『経営戦略原論』(琴坂将広:東洋経済新報社)
タイトルに「原論」とあるとおり、個々の経営戦略理論の裏側を解説しながら理論体系全体を分かりやすく解説した名著。しかもアカデミックな理論解説に終わらず、実務家としての立場からの解説まで含まれている。これで2,000円は破格のお値段!
経営戦略について学んだ経験のある人が読むと「そういう意味があったのか!」「その前提条件知らなかった!」「そこ勘違いしてた」という発見が至るところに存在するだろう。特にフレームワークだけ使って「やっぱ古いフレームワークに頼っちゃダメだよね」などと意識高い系批判をしていた人には耳が痛い(笑)

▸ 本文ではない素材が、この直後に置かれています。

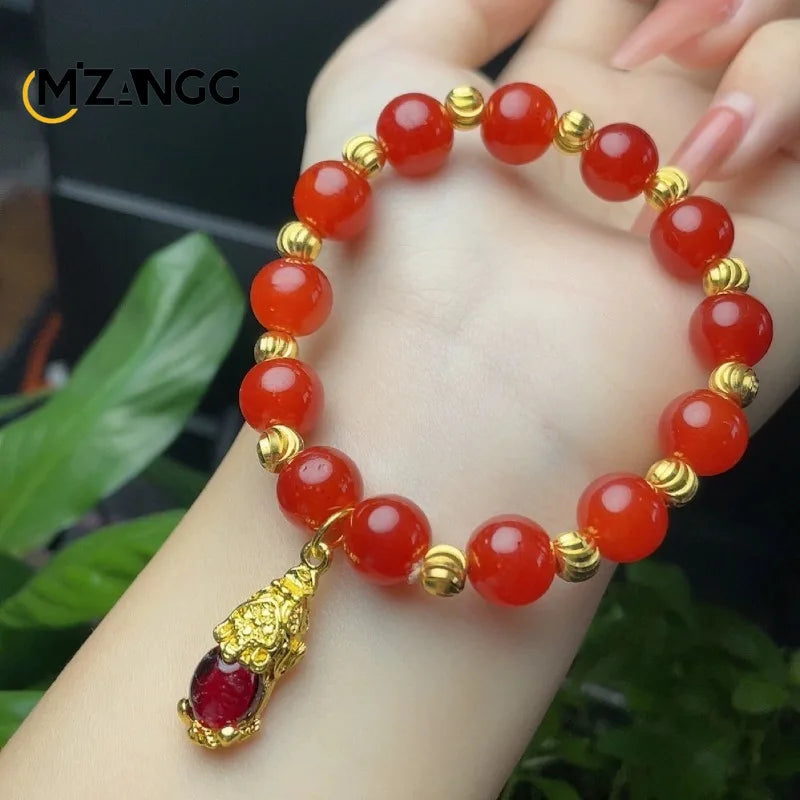 Natural Green Jade PiXiu Bracelet A-level Agate Men's and Women's Fashion Exquisite Jewelry Lucky Charms
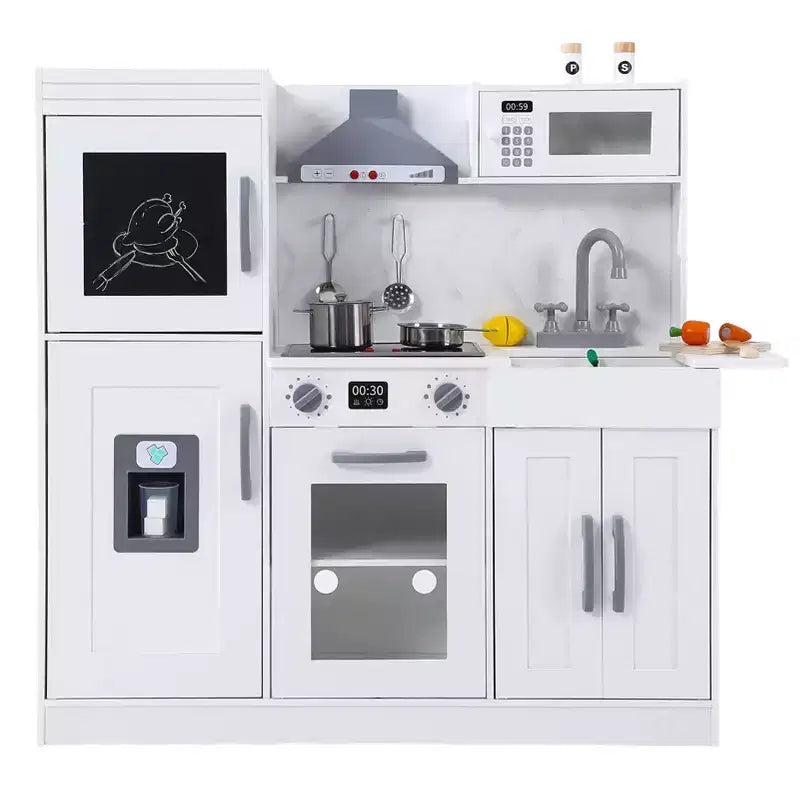 Cucina Giocattolo per Bambini, Set da Chef in Legno con Accessori per Cucinare, Gioco di Imitazione con Utensili da Cucina in Legno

また、中小企業診断士では1次試験で暗記型でぎゅっと経営戦略知識を頭に叩き込むが、その後は実践重視というスタンスの方が多いと思う。今まで頭の中にはいってた戦略知識を棚卸しして再整理すると、自分の武器の使い方が変わってちょうど良い。こういうのを理論政策更新研修に盛り込むべきではなかろうかな。
著者の琴坂先生は学生時代に企業経営に携わった後にマッキンゼーでコンサルタントとして活躍。その後アカデミックの世界に入られた経営学者。
経営戦略にはアカデミックな理論と実務家による実践の2つの側面があるが、著者がその2つの両方にコミットしているところが大変ユニークなポイントだと思う。「アカデミックで得られた知見を実務家に」「実務経験で得た示唆をアカデミックに」と立ち位置をどちらかに置いて、相対する側に知見を提供するというのが一般的なポジションのように思えるが、実際に両方をやりながら両方で成果を出し続けるというのはすごいの一言。
参考文献リストも充実していて、ずっと手元に置いておきたい1冊。
【目次】
第1章:「経営戦略」をいかに定義するか
第2章:経営戦略前史 紀元前からその歴史をたどる
第3章:経営戦略の黎明期 予実管理から戦略計画へ
第4章:外部環境分析 ポーターのファイブ・フォース分析から考える
第5章:内部環境分析 バーニーの資源ベース理論から考える
第6章:事業戦略を立案する その定石と戦略フレームワークの活用法
第7章:全社戦略を立案する 組織の永続に必要な4つの取組み
第8章:経営戦略を実行する 重要業績評価指標(KPI)の適切な運用
第9章:経営戦略を浸透させる 人間への理解がもたらす組織の前進
第10章:新興企業の経営戦略 意図されない戦略を、どう意図的に作るか
第11章:多国籍企業の経営戦略 国境を超越する経営に、どう戦略的に取り組むか
第12章:技術の進化が導く経営戦略の未来
初めて経営戦略を勉強する人には分からない単語が多すぎるので、グロービスの経営戦略から入るのが個人的にはオススメ。有名実務家のビジネス書を何冊か読んでから本書に戻って来ると理解度がぐっと高まるような気がする。